Hyena
Hyena
Dir: Gerard Johnson
With: Peter Ferdinando, Stephen Graham
Runtime: 112 minutes
FOR this year's opening gala, festival organisers lined up the world premiere of Gerard Johnson's blistering British cops and geezers thriller. Peter Ferdinando plays a Lahndan drugs squad chief who has blurred the line so much between right and wrong it is in danger of disappearing. Dixon Of Dock Green he is not. Under pressure financially, personally and professionally, a run-in with an Albanian gang dealing in drugs and people trafficking could offer a way out, or a chance to sink further into the mess he has created. There is a whiff of television drama in the sometimes tired dialogue, but generous slugs of bleak humour and a picture-stealing performance from Stephen Graham (Boardwalk Empire, This is England) ensure this Hyena is no donkey.
To be released later in year
A Dangerous Game
Dir: Anthony Baxter
Runtime: 98 minutes
YOU'VE Been Trumped, Anthony Baxter's look at the tussle between Donald Trump and local objectors to his golf course in Aberdeenshire, was a hit across Scotland and internationally, and this new documentary deserves to repeat the feat. Baxter returns to Aberdeenshire from his home in Montrose to find out what has been going on since the cameras left, and then ventures further afield to Europe, America and beyond to show that what happened in Scotland was hardly a one-off. The highlight of this funny, penetrating, and timely film is a sit-down between The Donald and Baxter.
June 24, 20.35; June 28, 15.30, Cineworld.
Palo Alto
Dir: Gia Coppola
With: James Franco, Emma Roberts
Runtime: 100 minutes
FROM the presence of James Franco, on whose short stories the film is based, to Gia Coppola (dad is something in the movies apparently) on directing duties, Palo Alto is a film that is indisputably in with the in-crowd. Whether you feel at home in its Californian embrace will depend on your tolerance for movies that are more about mood than substance. There is no real story to Palo Alto because the bored, lovelorn, confused teenage protagonists, plus Franco as a gym teacher, are the story. Watchable performances, from Emma Roberts in particular, and visually stylish (has a spilled milk shake ever looked so cool?) but has all the narrative heft of a jeans commercial.
Tonight, 20.15; Sunday, 13.00, Cineworld
Finding Vivian Maier
Dirs: John Maloof, Charles Siskel
Runtime: 84 minutes
JOHN Maloof and Charles Siskel's outstanding documentary started with a blind bid for a box of negatives at auction. The street scene photographs inside turned out to be stunning, and taken by a photographer named Vivian Maier. But who was she, and why, despite taking so many photographs of others, was this woman, who worked as a nanny and housekeeper throughout her life, seemingly so obsessed with remaining anonymous? Maloof and Siskel piece together a tale of a not so ordinary American life that only grows more bizarre and enthralling as the minutes tick by.

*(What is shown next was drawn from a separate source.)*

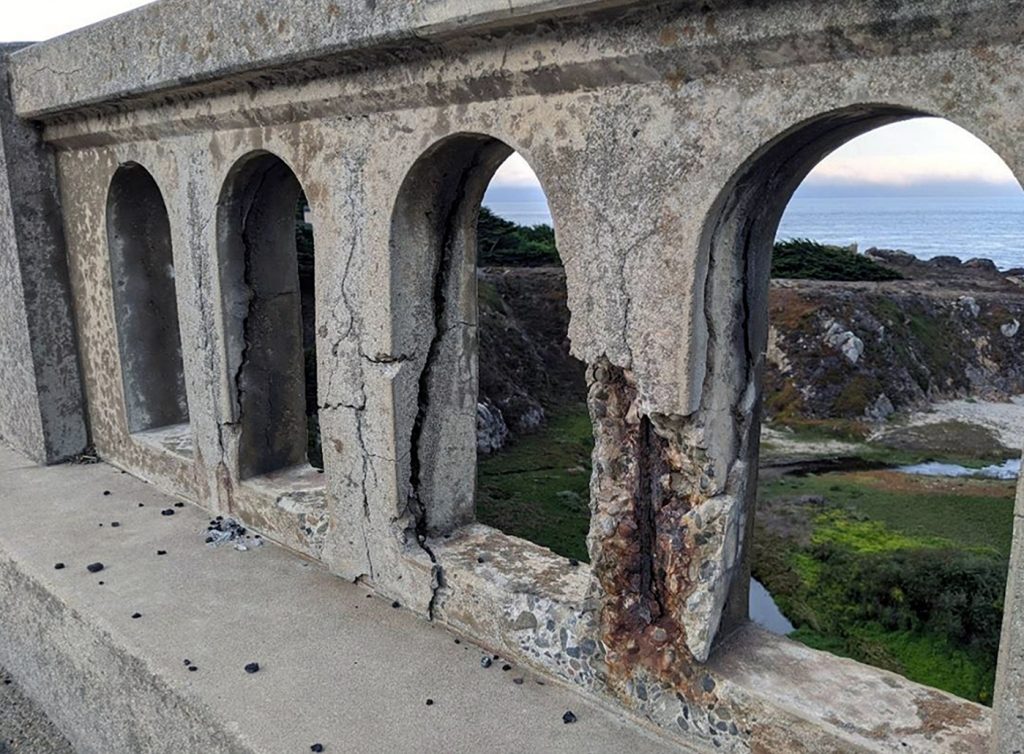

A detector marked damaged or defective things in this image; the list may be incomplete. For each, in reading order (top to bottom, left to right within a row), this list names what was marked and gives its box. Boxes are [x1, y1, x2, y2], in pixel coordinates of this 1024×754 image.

Tonight, 18.00, Filmhouse; tomorrow, 20.15, Cineworld Edinburgh
X-Y
Dir: Ryan Piers Williams
With: America Ferrera, Ryan Piers Williams
Runtime: 83 minutes
SEX and the city noughties style comes under scrutiny in this slickly executed, New York-set ensemble drama starring America Ferrera (Ugly Betty, How to Train Your Dragon). In the way of such things, some of the strands are stronger than others, but the whole adds up to a piece that will leave you wondering, not always optimistically, about the state of affairs between modern men and women. Director Ryan Piers Williams also stars.
Tonight, 18.00; tomorrow, 18.30, Cineworld
Stations Of The Cross
Dir: Dietrich Bruggemann
With: Lea van Acken, FranzisKa Weisz
Runtime: 107 minutes
MARIA is 14 and determined to live a good life. But the standards set by her devout mother mean she feels a constant failure. German director Dietrich Bruggemann's slow burner of a drama charts Maria's trials as she tries to cope with the typical burdens of a teenager's life - boys, peer pressure, the lot - while trying to keep church and family happy. The oppressive atmosphere conjured by Bruggemann seeps off the screen, making for an impressive if uncomfortable watch.
June 23, 18.00, Odeon Lothian Road
We Are Monster
Dir: Antony Petrou
With: Leeshon Alexander, Aymen Hamdouchi
Runtime: 88 minutes
THE true, shocking story of what happened when a violent racist was placed in a cell at a Young Offenders Institution with a young Asian man is told in Antony Petrou's hard-hitting drama, which is in the running for the Michael Powell Award for Best British Feature Film. The up close and intense style would be more at home in the theatre than on a cinema screen, but Petrou and his two young stars work wonders within the budget.